Sideview. She's a 3/4 size. So is my Eastman. My custom is a 7/8 orchestral bass. So I have three double basses now!









Dan, my luthier, replaced the old bridge with one of his own handmade bridges. Danny makes the best bridges around. He also redid the setup which includes relocating the soundpost and aligning the bridge with the soundpost. So the bass now handles and sounds better than it ever did before.









I put new strings on her yesterday--D'Addario Helicore Hybrid Light Tension--and she just sings! I'm actually quite impressed! And she handles very nice. The fingerboard is actually quite thin and so it feels a bit like an electric guitar neck and I can cover a lot of space without needing to move my hand. I took the bow to her and she's not too bad. Of course, you have to break in the new strings to accept the bow. But, for a plywood, it's not too shabby. It was worth spending the money to fix her up. The old girl just wants to sing now. she finally got her voice back after all these years--nearly 30--silent, discarded, forgotten. All these people telling me I should throw her away. I KNEW she could be put back together if I could find someone to do it. And it's a nice bass! I'm very pleased.









The label says she was made by Andrew Schroetter of Bayern and that she was made in May of 1987. She was broken only about a month later (and deliberately, I might add, although I never knew who or why). So, really, her wood is still breaking in so she ought to sound better and better especially as the strings break in and she sounds pretty good already. So I finally fulfilled my obligation to her.

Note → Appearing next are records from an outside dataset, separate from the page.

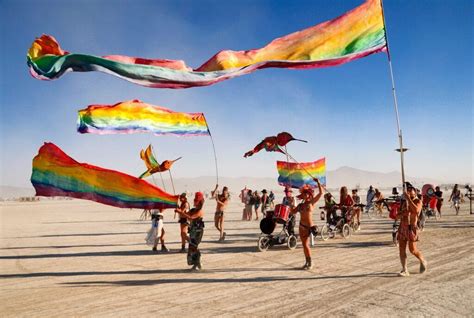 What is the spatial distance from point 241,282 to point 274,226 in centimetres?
416

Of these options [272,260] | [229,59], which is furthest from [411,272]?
[229,59]

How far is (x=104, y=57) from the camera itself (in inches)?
A: 286

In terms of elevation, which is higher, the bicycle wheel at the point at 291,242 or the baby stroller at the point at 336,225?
the baby stroller at the point at 336,225

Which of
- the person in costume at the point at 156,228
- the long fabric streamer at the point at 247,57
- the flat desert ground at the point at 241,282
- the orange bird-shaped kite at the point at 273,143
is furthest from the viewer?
the orange bird-shaped kite at the point at 273,143

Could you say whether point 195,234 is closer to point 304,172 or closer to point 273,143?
point 273,143

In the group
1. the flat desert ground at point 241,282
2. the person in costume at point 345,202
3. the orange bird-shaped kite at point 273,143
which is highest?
the orange bird-shaped kite at point 273,143

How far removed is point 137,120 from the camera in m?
Answer: 10.3

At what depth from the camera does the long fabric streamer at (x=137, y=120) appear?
30.6ft

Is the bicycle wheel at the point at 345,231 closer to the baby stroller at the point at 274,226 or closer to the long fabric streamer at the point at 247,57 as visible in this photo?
the baby stroller at the point at 274,226

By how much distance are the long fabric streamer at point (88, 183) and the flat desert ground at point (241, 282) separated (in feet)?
5.96

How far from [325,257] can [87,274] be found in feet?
20.4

Took a while--too long--but at least it happened.


----------



## Guest

I like big bouts and I cannot lie
You other brothers can't deny
When I see four strings and an itty bitty waist
And a round thing on a bass
I get sprung,
Want to play her loose
'Cause I notice that bout is the finest spruce
Deep in the gig bag she's wearing
I'm hooked and I can't stop staring
Oh baby, I wanna get wit'cha
And post your picture
On the FB page for big basses
And put it right in their faces

Any ol' bass is good
When she's using up all that wood
Others just want to diss her
Cuz horsehair and rosin didn't miss her

I'm tired of magazines
Sayin' bass guitars are the thing
Take the average jazz man and ask him that
She gotta pack much more back
So, fellas (YEAH!) Fellas (YEAH!)
Has your double bass got the bout? (HELL YEAH!)
Tell 'em to boom it (BOOM IT!) boom it (BOOM IT!)
Boom that healthy bout
Bass is got back
Bass is got back

I like 'em round, and big
And when I'm playin' a gig
I wanna hear that boom-boom,
Fillin' up the whole damn room

I want to get you home
And put new strings on your bones
I like steel strings I can keep
'Cause gut strings are made from sheep
I want 'em real thick and steely
So find that juicy double
Or we're gonna have us some trouble
Beggin' for a piece of that double bass
So get off o' my case

So I'm lookin' for a bass for a starter
Whether for cash or barter
You can have them skinny guitars
I want my basses built like Nell Carter

_Yeah, baby, when it comes to basses
Gibson ain't got nothin'
To do with my selection, dig it?
Scale length of 34 inches?
Ha ha, only if she's made for a midget._

So you fit your bass in a Honda, playin' workout tapes by Fonda
But Fonda ain't got a bass in the back of her Honda
And I ain't fond o' nuthin' that
Ain't a van or a hatchback.
I can fit two in a Prius
Or a vee-dub or a Yaris
So fold that seat down funky
Open wide for chunky
You can go metric or electric
But please don't lose that bout
Gives you that power makes the rest of 'em cower
Even metal heads got to shout
Bass is got back
Bass is got back

Some brothers want to be uptight
Won't play nuthin' that stands upright
So they toss it and leave it
And I pull up quick to retrieve it
So fiddlers think you're fat
Well I ain't down with that
'Cause your waist is small and your scroll is kickin'
And I'm thinkin' bout giggin'
To the chapman sticks in the magazines
You ain't it, Miss Thing
Czech-Ease make me yell, "Check please!"
Looks like it got a disease
Some knuckleheads try to dis
But my ragged a ss they can kiss
Cuz that big bout makes me dizzy
And I'm keepin' my luthier busy
No tarnish (NO!) just varnish (YEAH!) 
Soakin' into that bout (HELL YEAH!)
Build me a bass that can rhumba
And don't hold back on the lumba
Bass is got back
Bass is got back


----------



## Guest

"Jesus, kid, put some clothes on!"









Frantisek "Franz" Simandl, the father of modern bass playing, schooled in Prague, taught in Vienna.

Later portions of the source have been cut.